In a further example of applying the associated compatibility scores to determine an input column identifier of the input table as a match to the normalized table column identifier at 304, the matching input column identifier of the input table is based on a combinatorial optimization for each normalized table column identifier applied to each input table column identifier, such as with the Hungarian method, and z pairs associated with the z highest compatibility score from each normalized table column identifier and input table column identifier (cNri, cIpj) pair for a given normalized table column identifier or given input table column identifier are returned at 304.

In one example, method 300 can be applied to a set of normalized tables 212 to determine an appropriate match of a normalized table from the set of normalized table; for instance via a total compatibility score as added from the compatibility scores of the columns of each normalized table of once each input table column identifier is associated with a corresponding matched normalized table column identifier.

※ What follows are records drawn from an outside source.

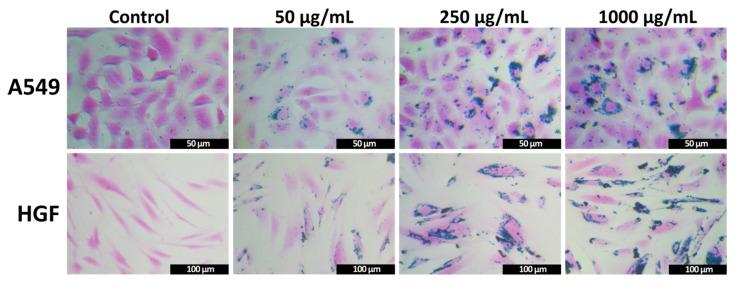 https://cdn.ncbi.nlm.nih.gov/pmc/blobs/2cce/7285148/900f590f63b9/pharmaceutics-12-00424-g007.jpg
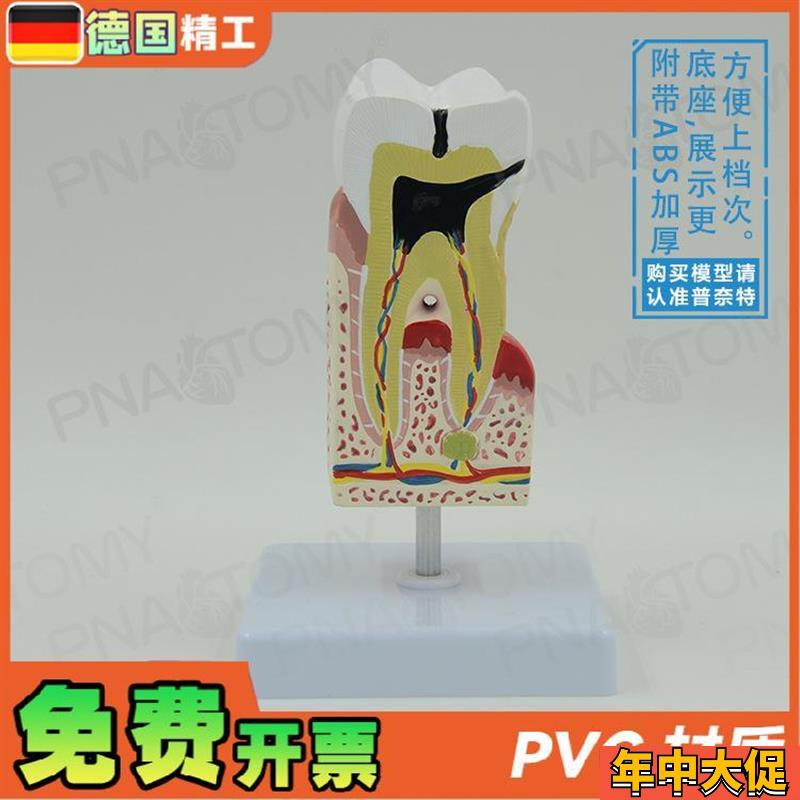 德国】人体牙f齿模型蛀牙龋齿解剖口腔科牙科 教学牙神经医患沟通
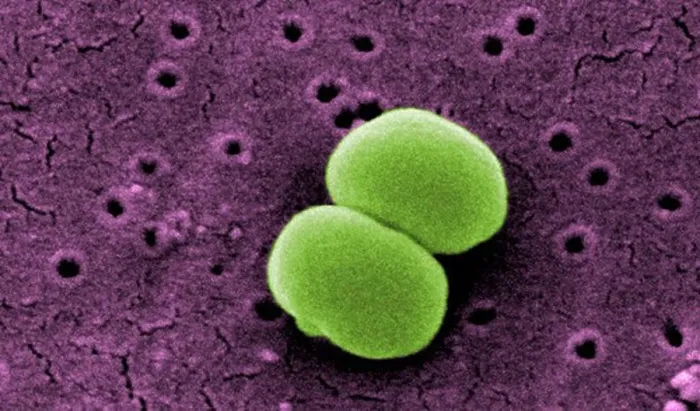 Framed Print : Scanning electron microscopic image of Staphylococcus epidermidis Framed Print : Scanning electron microscopic image of Staphylococcus epidermidis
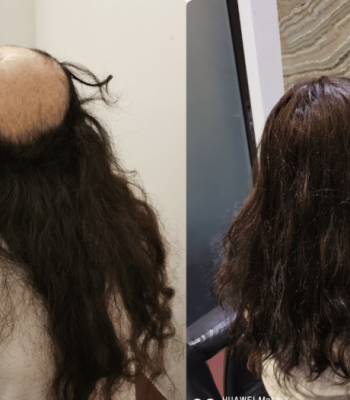 Profile picture of Hair Replacement SG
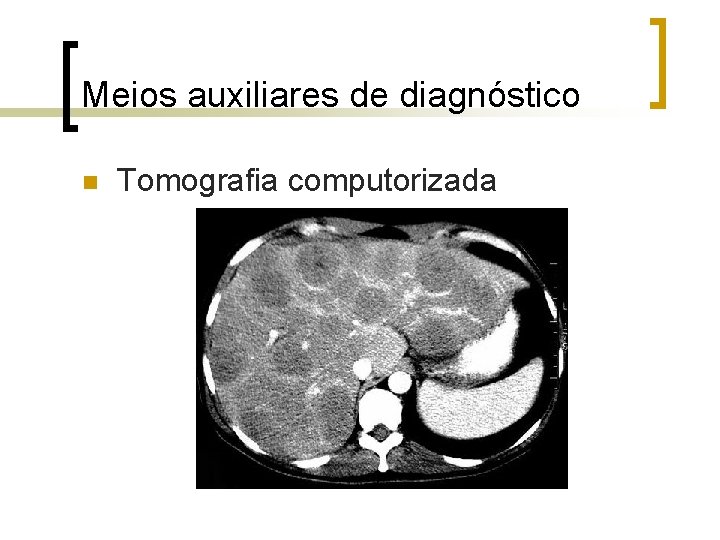 Meios auxiliares de diagnóstico n Tomografia computorizada 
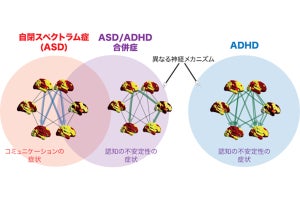 東大、ASD/ADHD合併症は単純な両者の合併症ではないことを発見
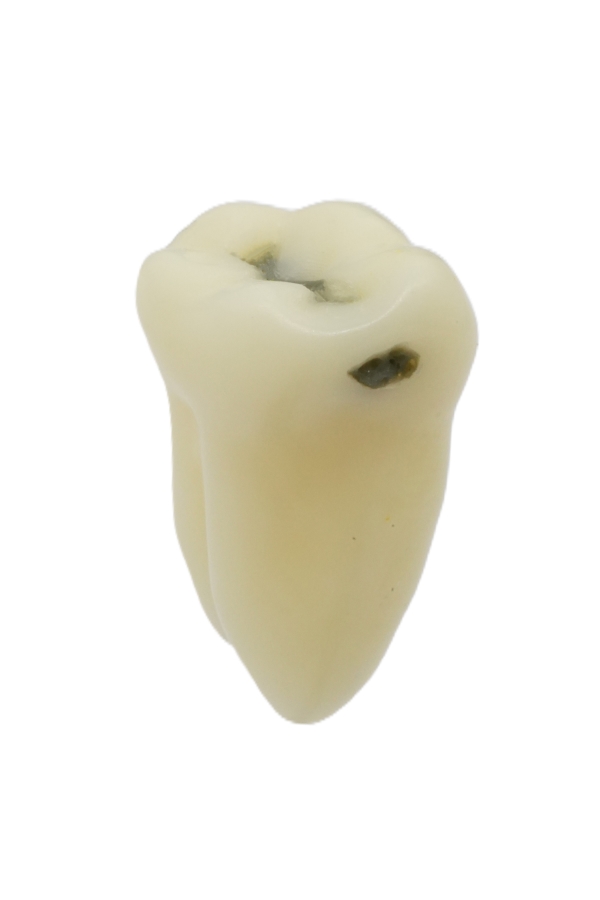 RestoPrep® 36 Numara Diş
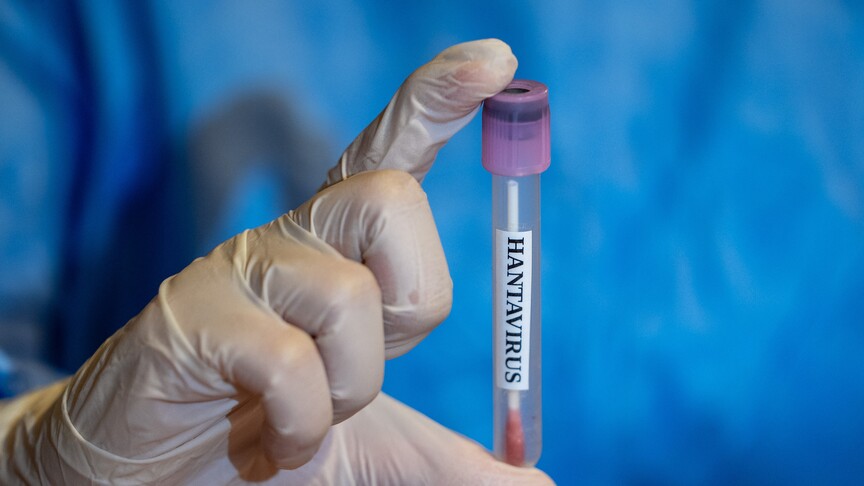 Gəmidən təxliyə edilən Türkiyə vətəndaşlarının hantavirus test nəticələri neqativ çıxıb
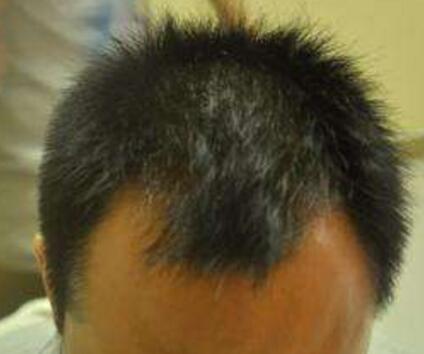额角脱发是什么原因?属于什么脱发?能长出来吗?可以多久恢复?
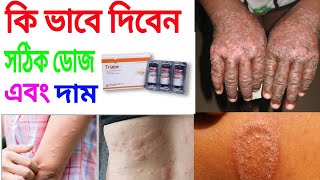 trialon ইনজেকশন এর কাজ কি full review Bangla [upl. by Leland664]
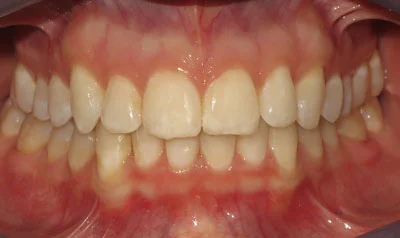 Invisalign Cases case 2 — after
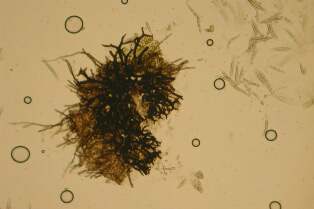 macrostoma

The data associated with an input column identifier of the input table is mapped to the column associated with the corresponding matched normalized table column identifier at 306. For instance, data associated with an input column identifier of the input table is transferred to the column associated with the corresponding matched normalized table column identifier, and subsequent data associated with an input column identifier of the input table is populated in the first instance to the column associated with the corresponding matched normalized table column identifier.

In some examples, column identifiers can be in the form of a word, such as word that can be subjected to a word embedding to return a vector representation of the word. In this example, the compatibility score can be based on the cosine similarity of a word embedding of the normalized table column identifier and a word embedding of the input table column identifier. The method 300 can proceeds to computing a compatibility score for the column identifier of the normalized table and the column identifier of the input table from the cosine similarity of the word embeddings. In some examples, however, the column identifier may be in the form of an alias, a phrase, or a phrase including an alias. In these examples, additional processing is performed prior to computing the compatibility score.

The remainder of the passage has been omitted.